# Interview With The Devil



## dontspeakdefeat (Feb 16, 2005)

Ladies this is a long one so only click if you have a few minutes to spare. Make sure your speakers are on. I definitely wouldn't do it at work.

This is food for thought. I know it had me thinking! 

http://www.interviewwiththedevil.com/


----------



## pebbles (Feb 16, 2005)

WOW!!!! P-O-W-E-R-F-U-L!!!!! 

I had my kids watch it!


----------



## Babygurl (Feb 17, 2005)

Wow that was really good!


----------



## dontspeakdefeat (Feb 17, 2005)

Yes, this one really makes you rethink your whole life!


----------



## star (Feb 23, 2005)

That was very powerful. Thanks


----------



## CharUK (Feb 23, 2005)

The link isn't working for me  

x


----------



## pebbles (Feb 23, 2005)

Try it again. I just tried it and it works for me.


----------



## CharUK (Feb 24, 2005)

pebbles said:
			
		

> Try it again. I just tried it and it works for me.


Thanks!

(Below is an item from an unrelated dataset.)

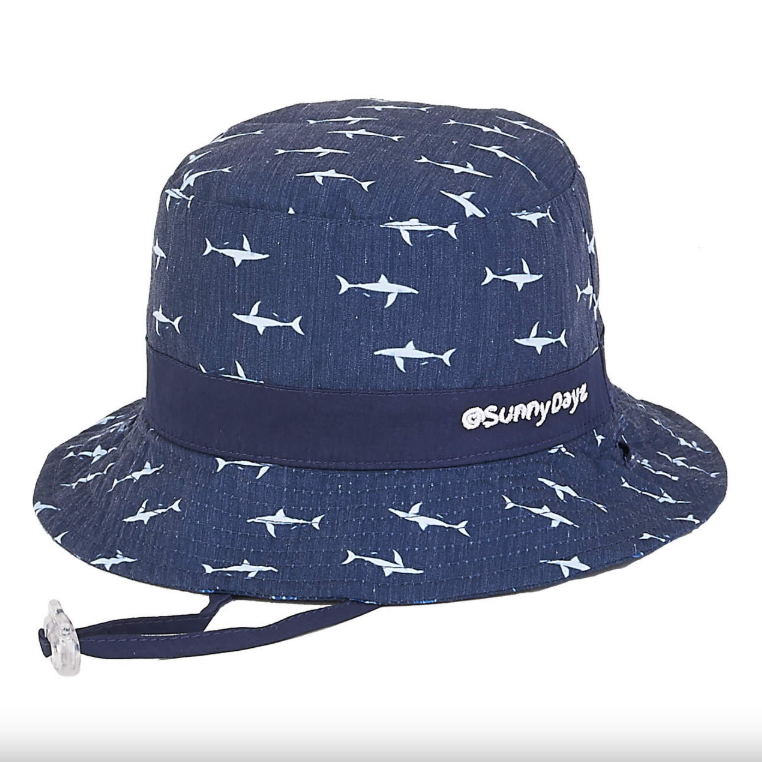 Children's Navy Boat and Shark Poly Bucket Hat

I watched it.

x


----------



## cocoberry10 (Feb 13, 2006)

pebbles said:
			
		

> WOW!!!! P-O-W-E-R-F-U-L!!!!!
> 
> I had my kids watch it!



This is extremely powerful.  I am going to forward it to my friends.


----------



## cocoberry10 (Apr 4, 2008)

Bumping this again, b/c it needs to be viewed


----------



## Evolving78 (Apr 18, 2008)

This was good!  I'm bumping this.  Had me think about my actions, thoughs and emotions throughout my life.  Thank you for sharing!


----------



## lngbrnhr (May 2, 2008)

Thank you for posting this.  ITA it was very, very powerful...however some of the pics were a little scary looking to me....Those crazy looking eyes........


----------



## Highly Favored8 (May 3, 2008)

WOW very powerful it really touched me and brought tears to my eyes.

I will let my son read it tommorrow.

Also my FH to read it as well.

This makes you really, really, re think your life.

Thanks for posting

Bumping and be Blessed!


----------



## Cleanheart25 (May 5, 2008)

Thats a great wake up call!!!


----------



## klb120475 (May 6, 2008)

Awesome! I'm gon pass this one along to my email contacts.


----------



## michaela (May 10, 2008)

WOW that really touched me in some places i will be Fowarding this to some of my friends and family


----------



## Supergirl (May 10, 2008)

Thanks for bumping


----------



## AmyInAtl (May 15, 2008)

eye-opening, good post.


----------



## cocoberry10 (May 17, 2008)

Always love this one!


----------



## memee1978 (May 17, 2008)

dontspeakdefeat said:


> Ladies this is a long one so only click if you have a few minutes to spare. Make sure your speakers are on. I definitely wouldn't do it at work.
> 
> This is food for thought. I know it had me thinking!
> 
> http://www.interviewwiththedevil.com/


that was realy powerful!!!!!!!!!!!!!!!!!!!!!!!!!


----------



## tada1 (May 24, 2008)

amazing! thanks for posting that


----------



## CandiceC (May 25, 2008)

Thanks for bumping this!


----------